START Extracted data

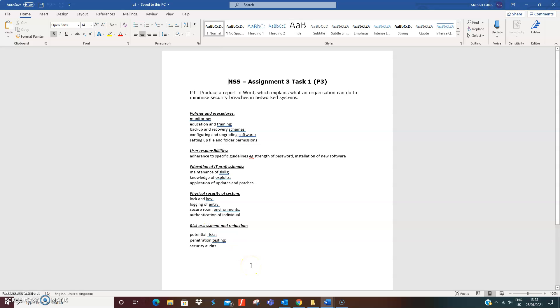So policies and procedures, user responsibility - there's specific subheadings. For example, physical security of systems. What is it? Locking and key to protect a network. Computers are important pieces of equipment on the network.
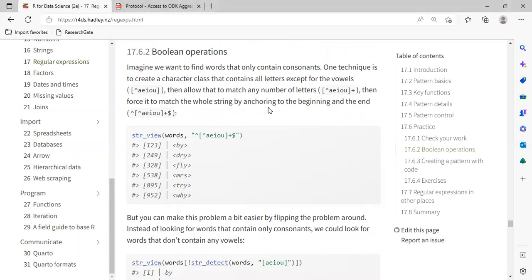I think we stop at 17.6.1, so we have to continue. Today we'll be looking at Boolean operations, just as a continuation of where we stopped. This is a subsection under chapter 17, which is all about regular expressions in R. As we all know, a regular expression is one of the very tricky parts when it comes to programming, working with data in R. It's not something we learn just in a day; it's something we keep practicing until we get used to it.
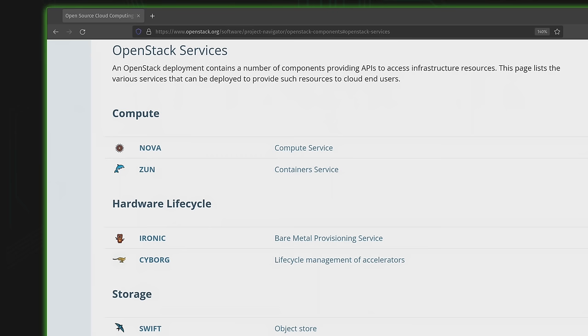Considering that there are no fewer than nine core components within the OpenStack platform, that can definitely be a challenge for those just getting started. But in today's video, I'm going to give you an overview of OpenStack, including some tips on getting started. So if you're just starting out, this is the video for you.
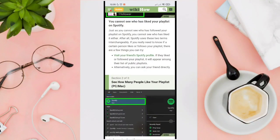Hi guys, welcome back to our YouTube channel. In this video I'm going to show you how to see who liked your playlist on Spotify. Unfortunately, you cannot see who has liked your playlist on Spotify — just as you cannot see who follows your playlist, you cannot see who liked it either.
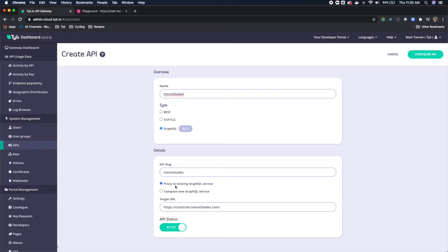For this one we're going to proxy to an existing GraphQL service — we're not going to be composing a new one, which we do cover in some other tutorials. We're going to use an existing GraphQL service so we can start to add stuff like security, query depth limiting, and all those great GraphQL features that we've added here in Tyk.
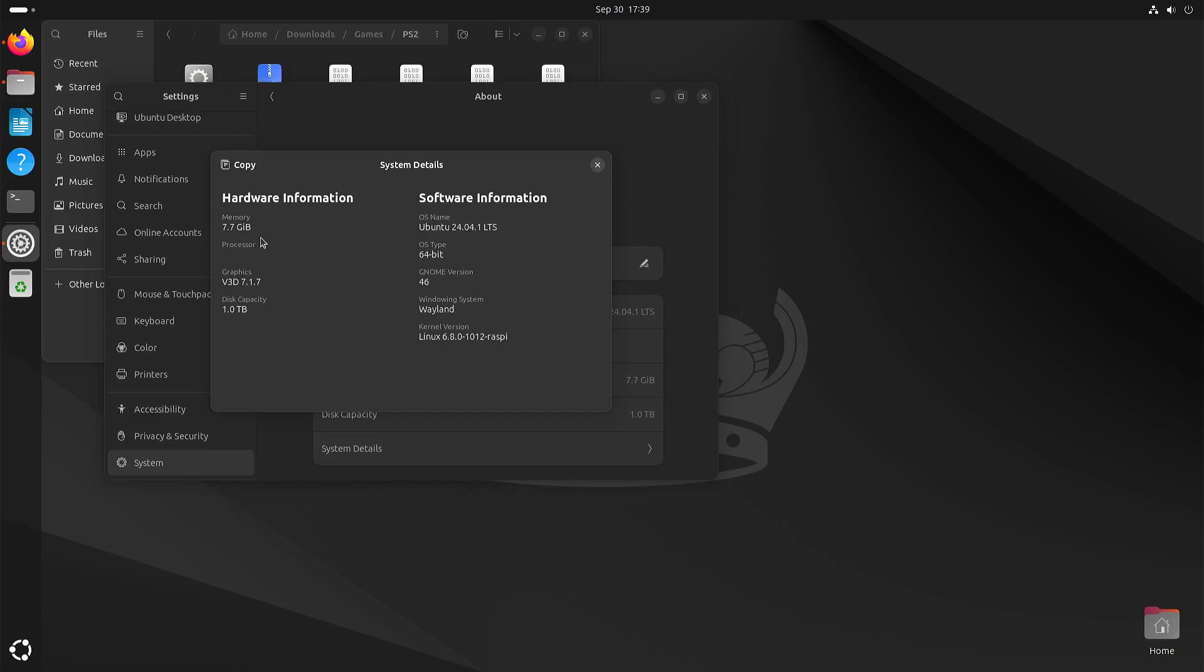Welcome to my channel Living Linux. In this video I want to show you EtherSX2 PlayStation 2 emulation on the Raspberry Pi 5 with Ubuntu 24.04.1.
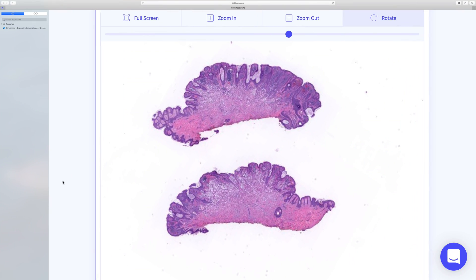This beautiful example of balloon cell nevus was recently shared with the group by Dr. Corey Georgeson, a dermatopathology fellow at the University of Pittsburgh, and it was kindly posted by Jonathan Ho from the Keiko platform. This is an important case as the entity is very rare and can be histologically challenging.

END Extracted data
START Extracted data

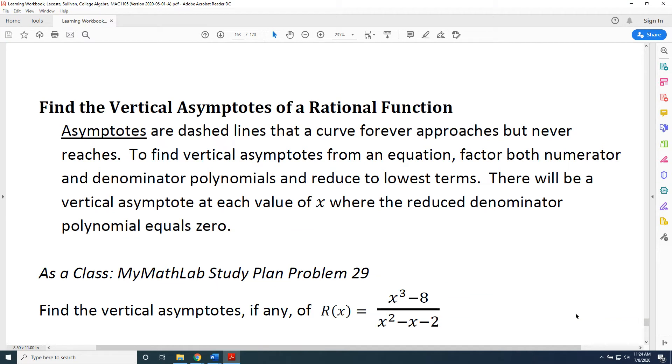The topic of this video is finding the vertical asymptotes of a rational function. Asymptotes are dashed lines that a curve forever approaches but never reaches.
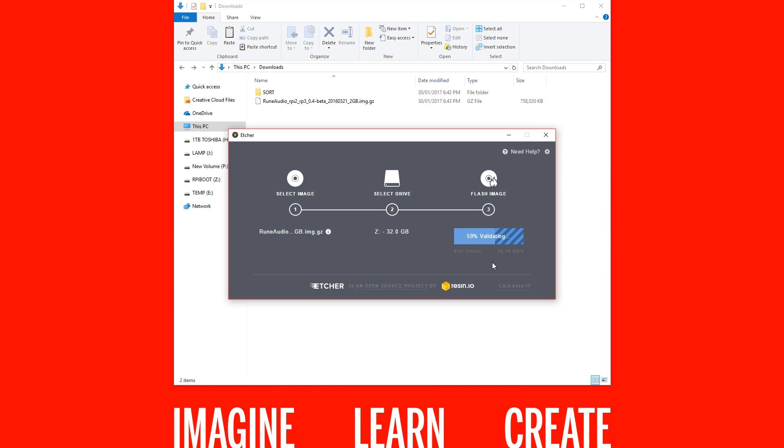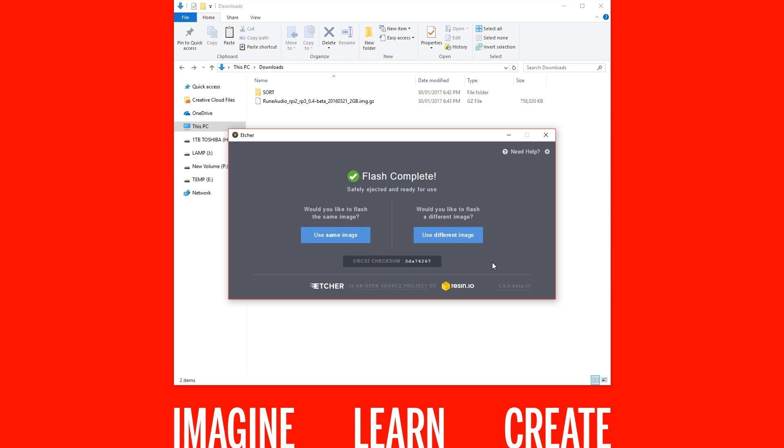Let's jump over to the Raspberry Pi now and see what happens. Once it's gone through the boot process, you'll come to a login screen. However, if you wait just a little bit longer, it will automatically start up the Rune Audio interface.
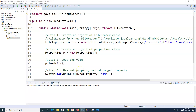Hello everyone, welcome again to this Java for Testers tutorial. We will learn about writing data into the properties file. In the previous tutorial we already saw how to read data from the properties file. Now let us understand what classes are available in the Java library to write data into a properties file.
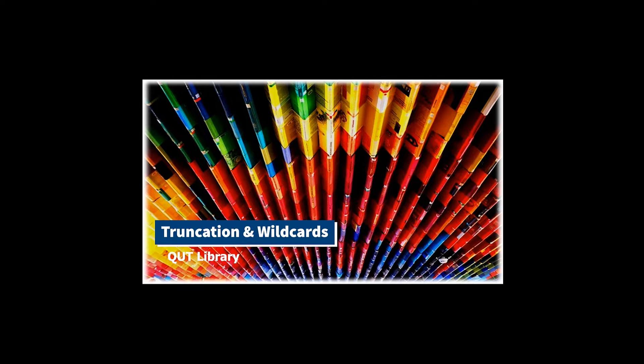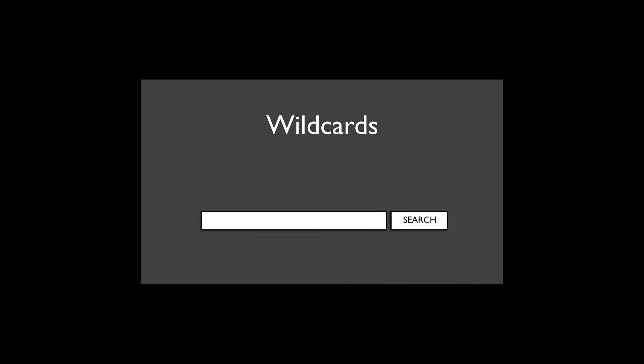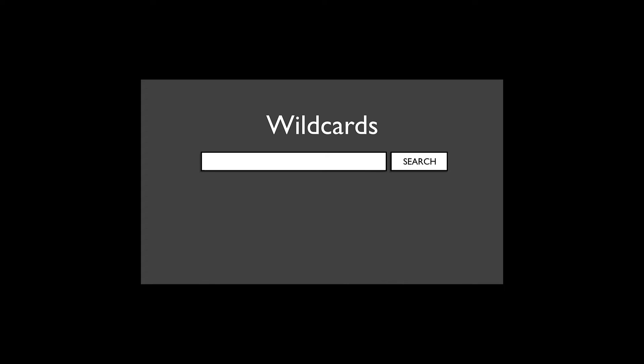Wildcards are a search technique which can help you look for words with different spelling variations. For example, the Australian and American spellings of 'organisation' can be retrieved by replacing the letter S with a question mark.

END Extracted data
START Extracted data

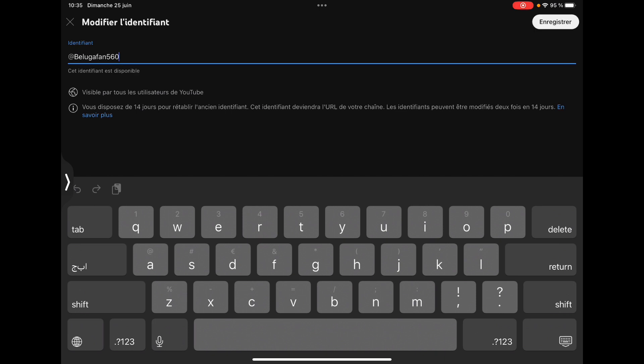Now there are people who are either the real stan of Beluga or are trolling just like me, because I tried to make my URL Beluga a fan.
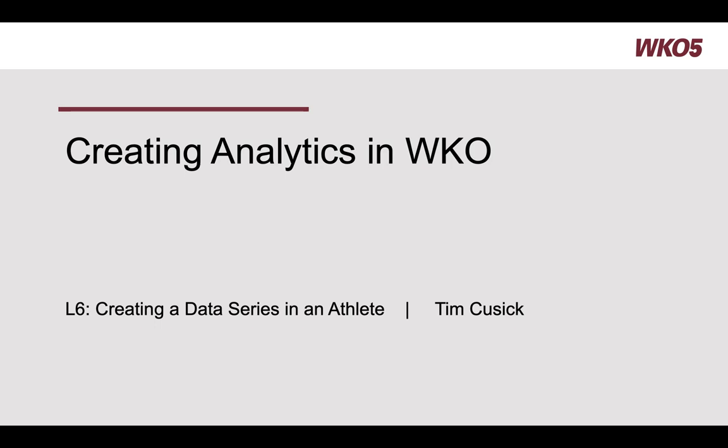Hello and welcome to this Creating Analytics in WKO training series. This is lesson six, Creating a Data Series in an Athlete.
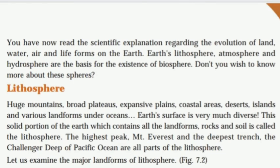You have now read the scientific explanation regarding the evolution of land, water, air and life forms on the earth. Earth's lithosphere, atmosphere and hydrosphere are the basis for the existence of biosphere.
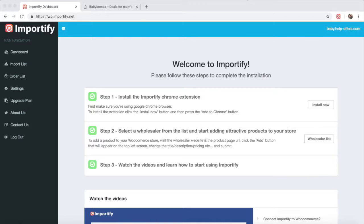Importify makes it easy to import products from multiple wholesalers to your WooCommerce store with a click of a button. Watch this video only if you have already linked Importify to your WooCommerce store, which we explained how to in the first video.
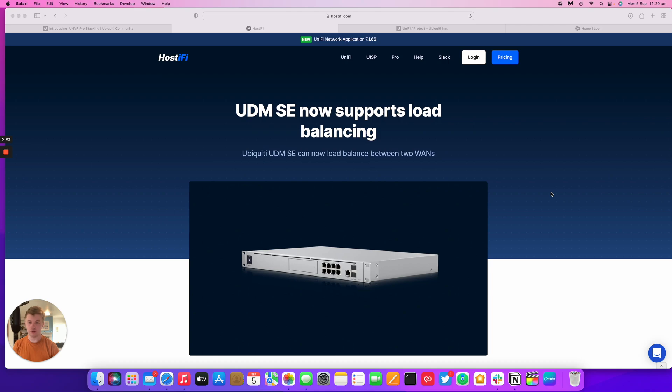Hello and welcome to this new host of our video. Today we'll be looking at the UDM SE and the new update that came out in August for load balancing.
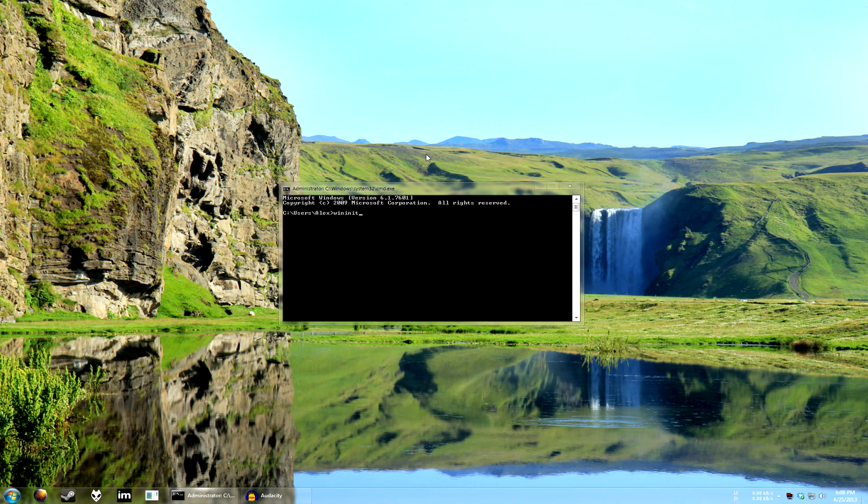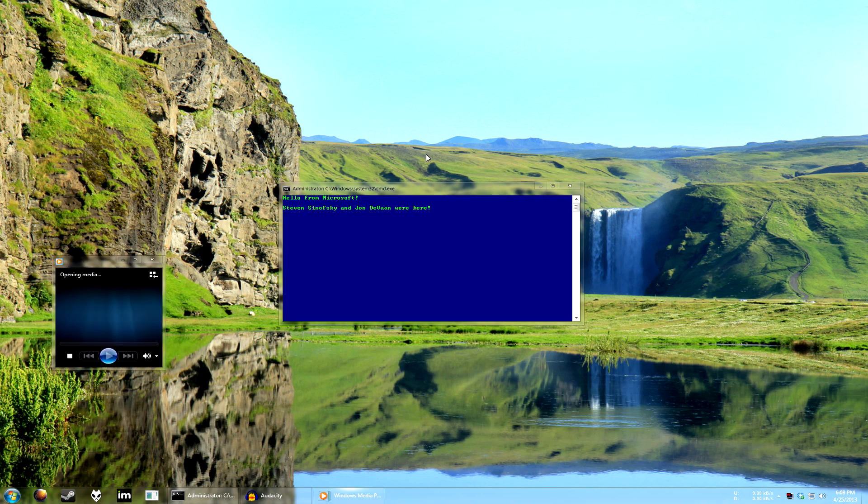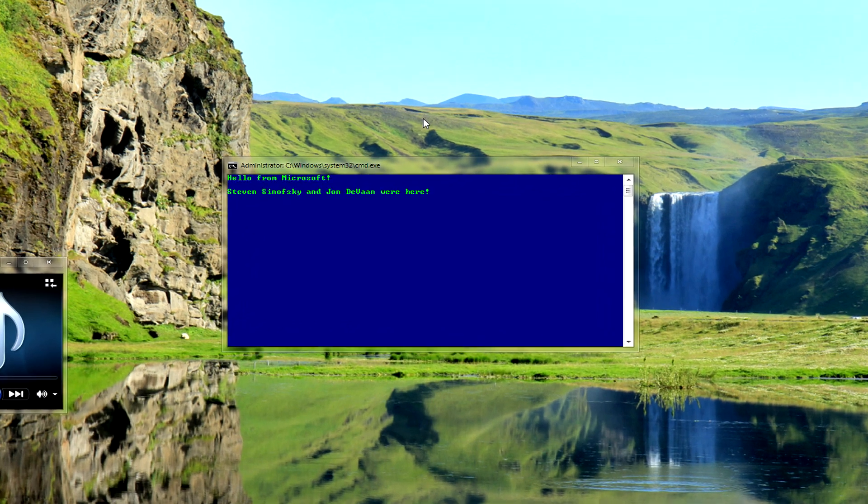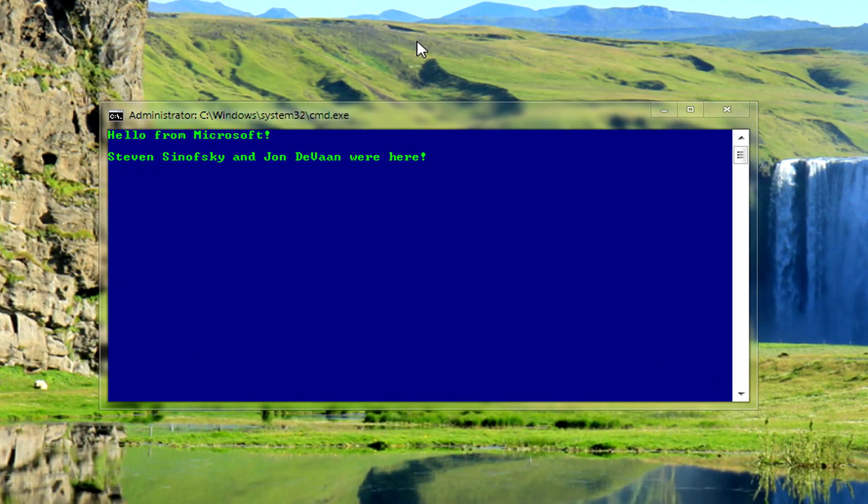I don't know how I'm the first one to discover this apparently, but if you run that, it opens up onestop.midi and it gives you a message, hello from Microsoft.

END Extracted data

Starting at the line above that holds "For this one", return each line up to and including the one that holds "This beautiful example", exactly as written, minus any pictures.

### Solution to this exercise
For this one we're going to proxy to an existing GraphQL service — we're not going to be composing a new one, which we do cover in some other tutorials. We're going to use an existing GraphQL service so we can start to add stuff like security, query depth limiting, and all those great GraphQL features that we've added here in Tyk.
Welcome to my channel Living Linux. In this video I want to show you EtherSX2 PlayStation 2 emulation on the Raspberry Pi 5 with Ubuntu 24.04.1.
This beautiful example of balloon cell nevus was recently shared with the group by Dr. Corey Georgeson, a dermatopathology fellow at the University of Pittsburgh, and it was kindly posted by Jonathan Ho from the Keiko platform. This is an important case as the entity is very rare and can be histologically challenging.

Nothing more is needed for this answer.